Beware of speaking too fast, as we are wont to do in the modern age. Instead, slow thy speeche, and think thee upon good and clear diction. At all costs avoid a “Cockney” accent, as that is strictly late Victorian, and the Australian “G’day.” And if thee would further thy Education upon Elizabethan Speeche & Deportment, then do get thee hence to that greatest of Bards, Master William Shakespeare.


While at faire, in order to feel comfortable addressing people, you need to have a feeling for your social level and theirs. Fortunately, people wear clothing in accordance with their social standing, making it easy to make a quick judgment. Are you speaking to another Faire Participant? Look to see if perhaps they are carrying the tools of their trade. Is he carrying a wooden mallet? You might say “Good morrow, Master Carpenter”, or if he has forging tongs, perhaps “Fyne day, Master Smith. Are you greeting a girl or woman? Then “Good day, Goodwife” or “Greetings, dear mistress” or “Welcome, little wench”. And remember, that to an Elizabethan, wench was simply an affectionate term for either woman or girl. “Good Gentles” may be used if addressing a group. Sir or Mistress is always a safe bet for someone who is not nobility but who is dressed well. An older man might be addressed as father, or gaffer. Someone of your social standing or slightly above could be called Goodman, Goodwife or by their name or profession as Master Patrick or Master Brewer. A familiar tone may be taken by calling someone Cousin. To children, my lad/lass, or good young sir is appropriate, perhaps erring on the side of safety with my young lord/lady. To nobility, my Lord, or my Lady is safe if you don’t know their exact name or title. The Queen is of course referred to as Your Highness or Your Grace . In the third person, the Queen can be called Her Majesty, but this is not appropriate for addressing the Queen directly. Dukes, Duchesses can be likewise be addressed as Your Grace. Puritans refer to themselves as Brother and Sister others might address them as Good Puritan, if they did not know their name. Officeholders, such as judges, constables, or bureaucrats, and knights, or esquires may be called Your Honour or Your Worship .

In general, extra words such as Good may be thrown in to add further flattery and pomp to an address. Good my Honorable Lord Constable!.

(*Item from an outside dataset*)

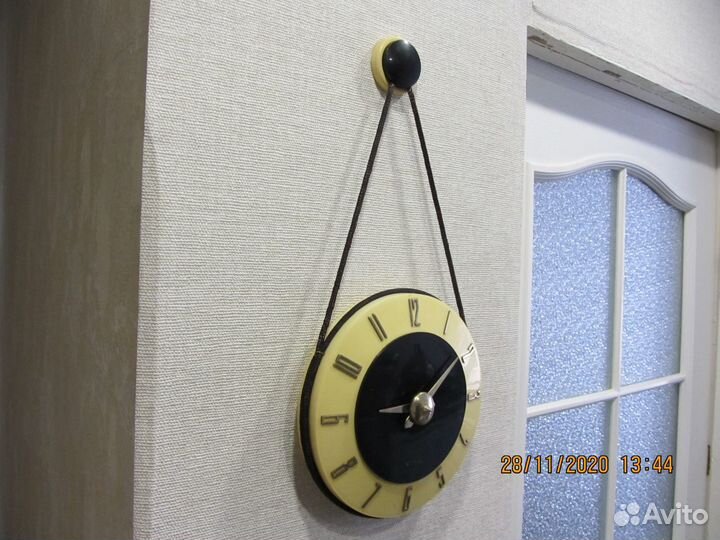 Часы настенные старинные Янтарь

Good Villagers all! When Her Majesty passes by with her court, let the Goodmen among you make a leg, doff their caps, and bow ! Goodwives and Lasses, do bow thy head and curtsey and all raise your voices in a hearty “God Save the Queen” and a “Hip Hip HUZZAH!” Vendors, call out extolling your wares! Players, let your voice be heard when greeting fellow Villagers. Join in a rousing cheer at special events.